[Data provided]

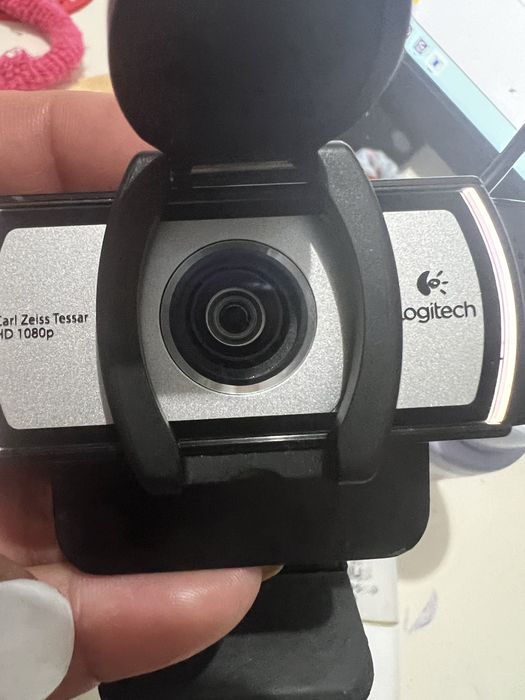 Logitech c930s în garanție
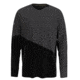Smartwool Mountain Bike Long Sleeve Jersey - Mens, Black, Medium, SW0169640011-001 BLACK-M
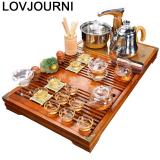 Dekoration Teaset With Infuser Kitchen Theepot Kung Fu Home Decoration Accessories Pot China Teapot Chinese Tea Set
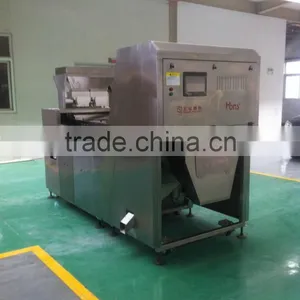 PP/PE Plastics Flakes Separator Machine, Color Sorter Made in China thumbnail-2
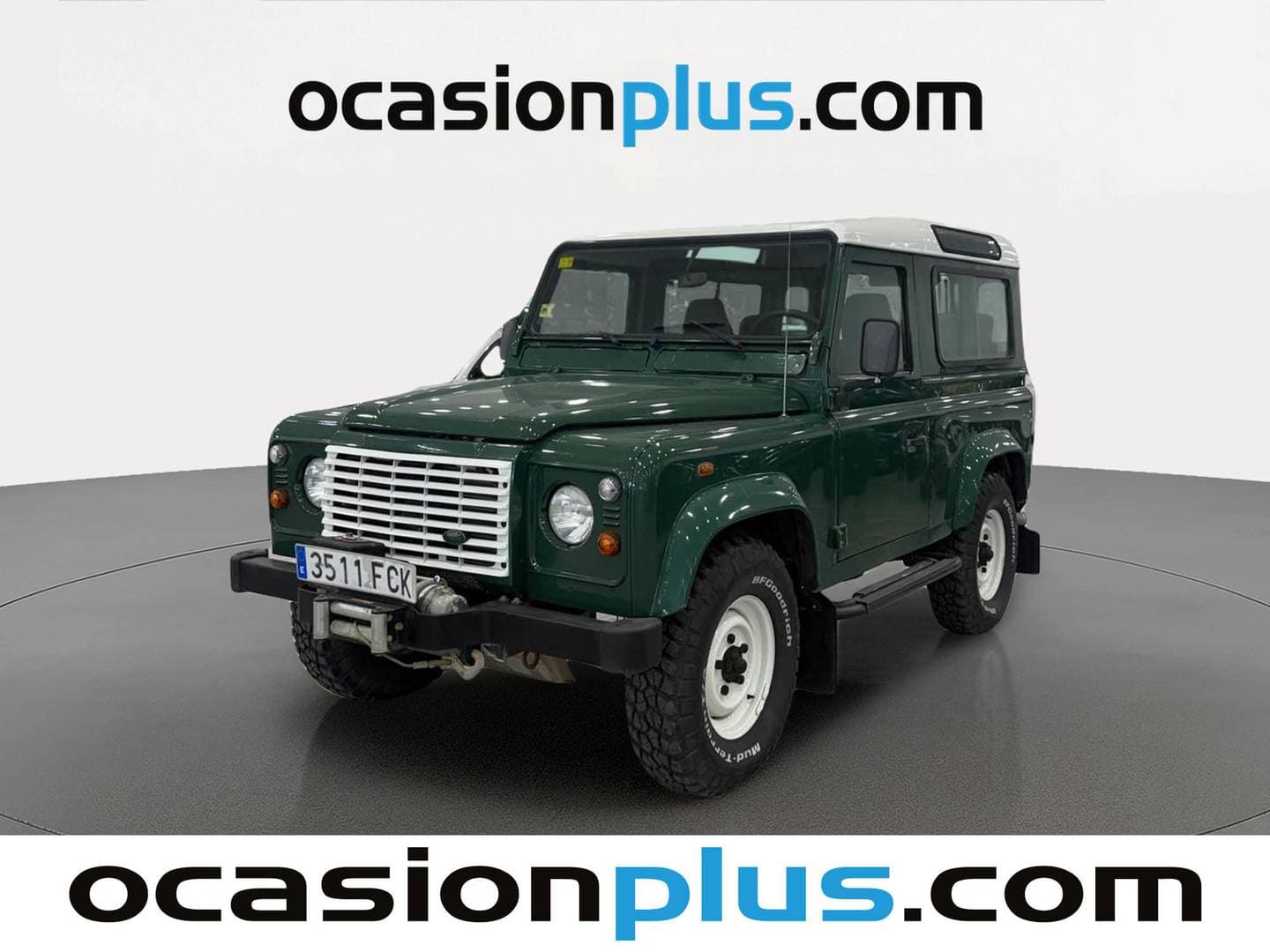 Land Rover Defender Land Rover Defender 2.5 TD5 90 SW S (122 CV) - 28890€ en Huelva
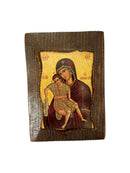 Εικόνα Μαγνήτης με Απεικονίσεις Διάφορων Αγίων - (ΤΗΙΜ4697)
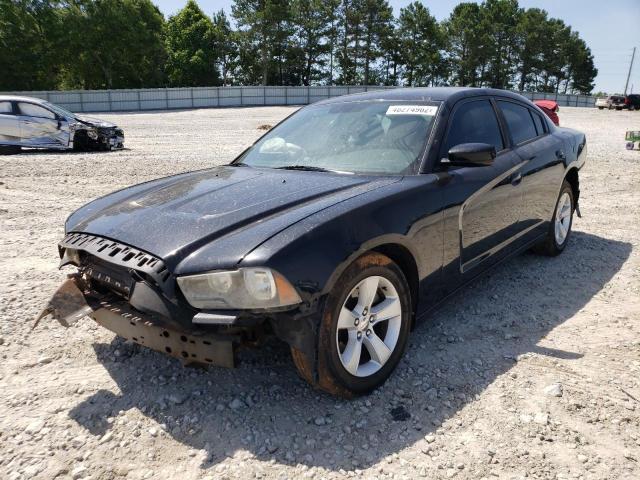 Photo 2 from auction – 2013 DODGE CHARGER SE with VIN 2C3CDXBG1DH609415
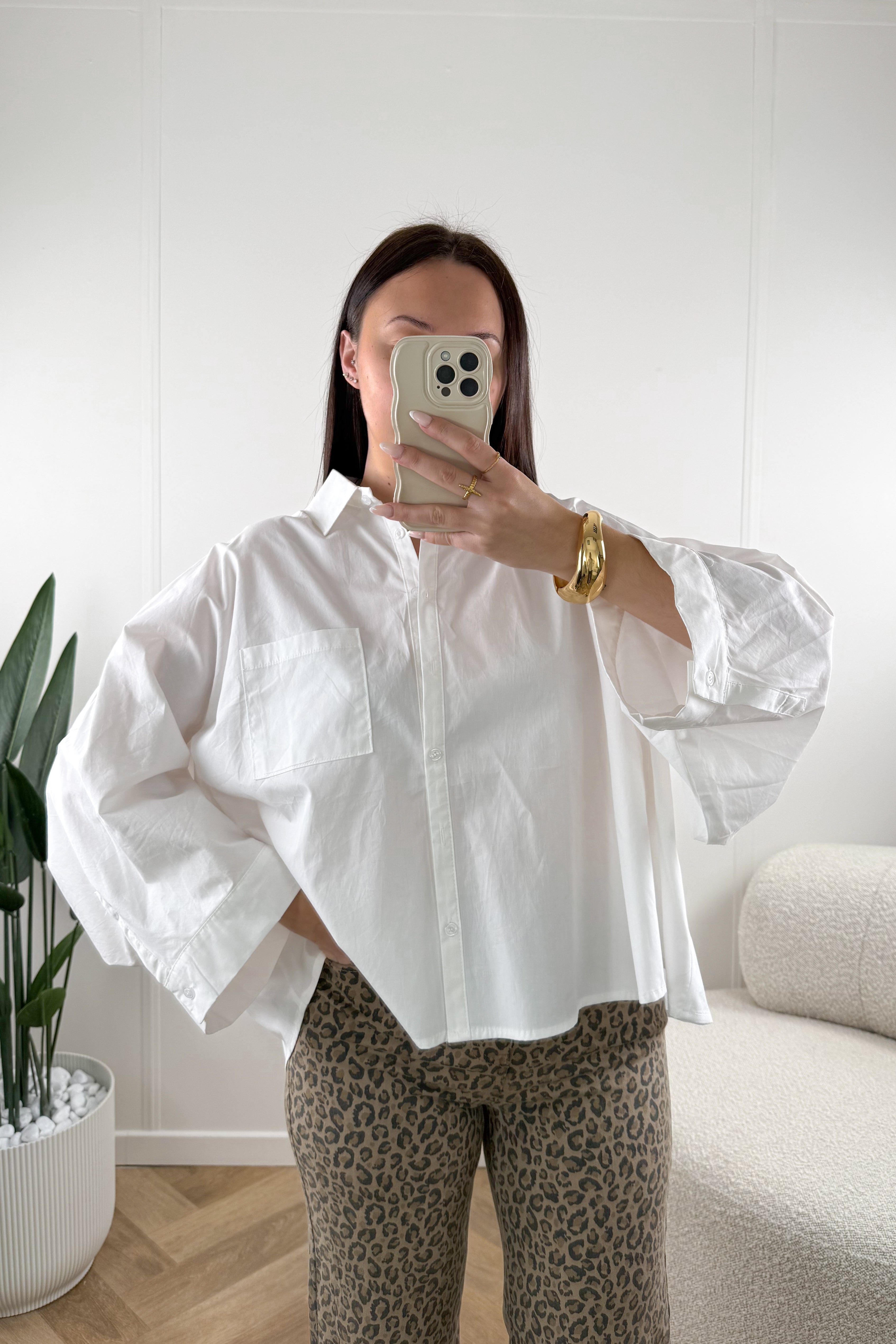 CHEMISE MIA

[/Data provided]

Problem requirements
Skipping the pictures, transcribe each line above exactly as it appears.

Problem solution
 Logitech c930s în garanție
Smartwool Mountain Bike Long Sleeve Jersey - Mens, Black, Medium, SW0169640011-001 BLACK-M
 Dekoration Teaset With Infuser Kitchen Theepot Kung Fu Home Decoration Accessories Pot China Teapot Chinese Tea Set
 PP/PE Plastics Flakes Separator Machine, Color Sorter Made in China thumbnail-2
 Land Rover Defender Land Rover Defender 2.5 TD5 90 SW S (122 CV) - 28890€ en Huelva
 Εικόνα Μαγνήτης με Απεικονίσεις Διάφορων Αγίων - (ΤΗΙΜ4697)
 Photo 2 from auction – 2013 DODGE CHARGER SE with VIN 2C3CDXBG1DH609415
 CHEMISE MIA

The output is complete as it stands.